§ Data excerpt:
▽
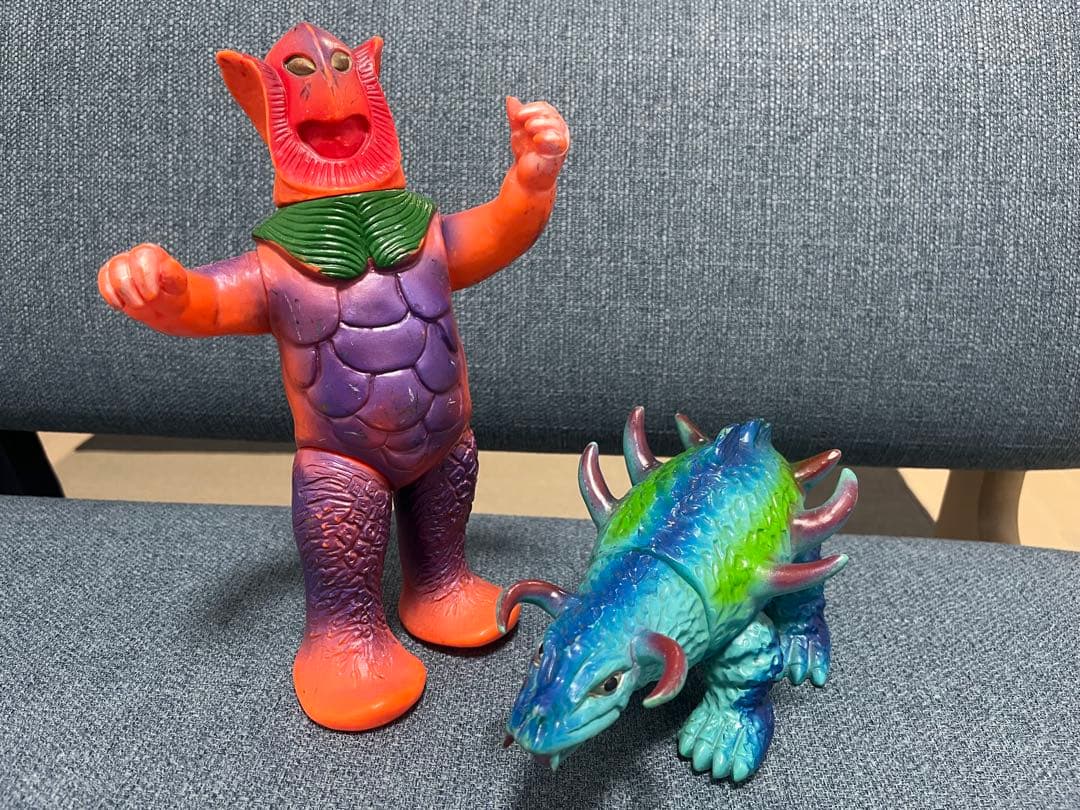 マルサン フラン星人 ブルマァク マグネドン ソフビ パチ怪獣　2体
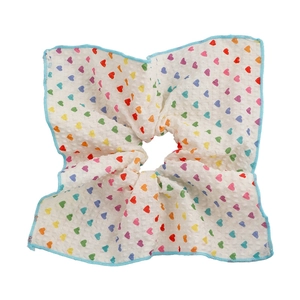 Détail de motifs de cœurs colorés sur coton respirant avec bordure cousue bleue
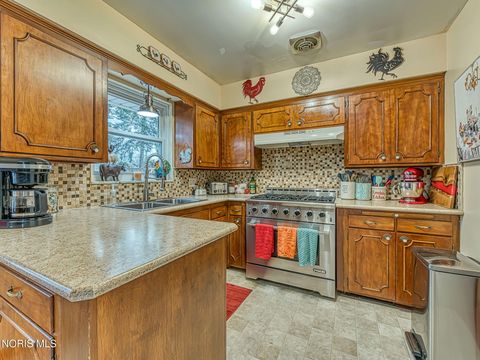 Tiny photo for 4730 Vogel Drive, Toledo, OH 43613 (MLS # 10005226)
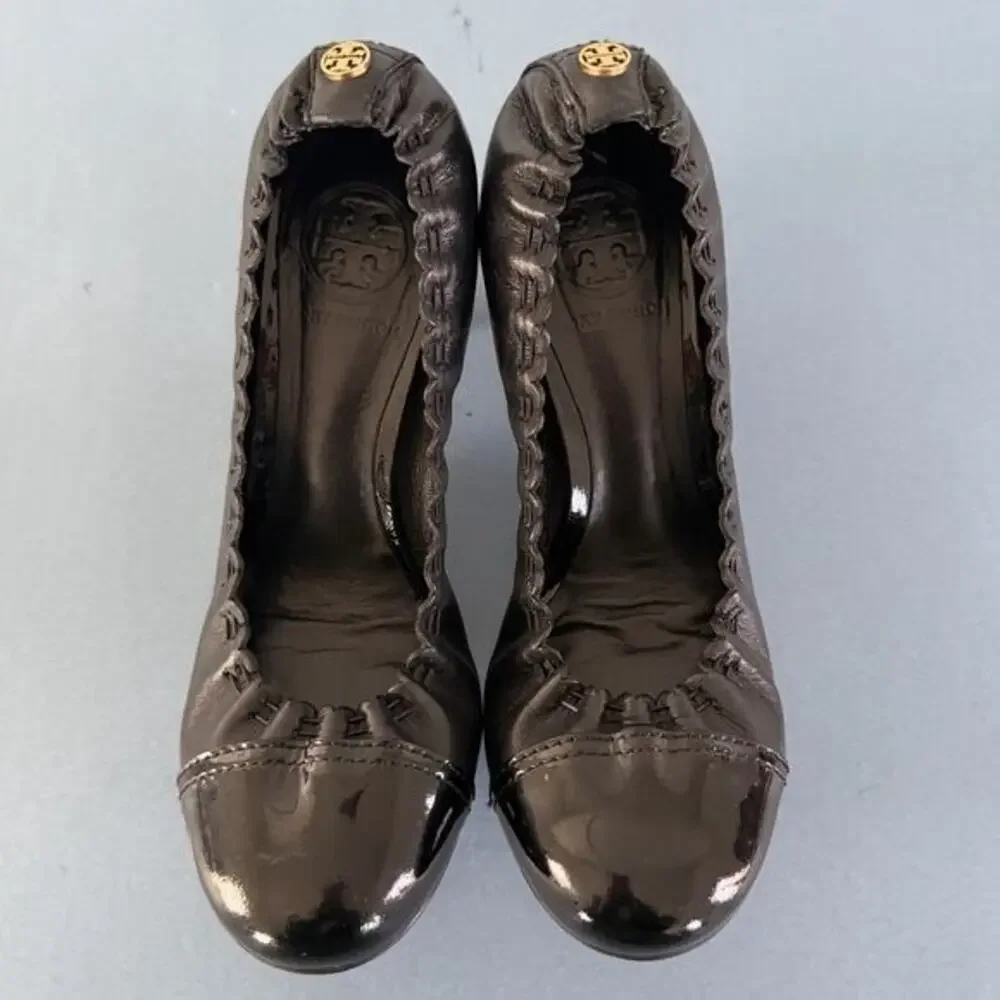 Tory Burch Abbey 2‎ Mid Heel Black Leather Cap Toe Block Heel Pumps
△
§ What is being asked: All the lines above are to be reproduced exactly, except the pictures.

§ Written solution:
 マルサン フラン星人 ブルマァク マグネドン ソフビ パチ怪獣　2体
 Détail de motifs de cœurs colorés sur coton respirant avec bordure cousue bleue
 Tiny photo for 4730 Vogel Drive, Toledo, OH 43613 (MLS # 10005226)
 Tory Burch Abbey 2‎ Mid Heel Black Leather Cap Toe Block Heel Pumps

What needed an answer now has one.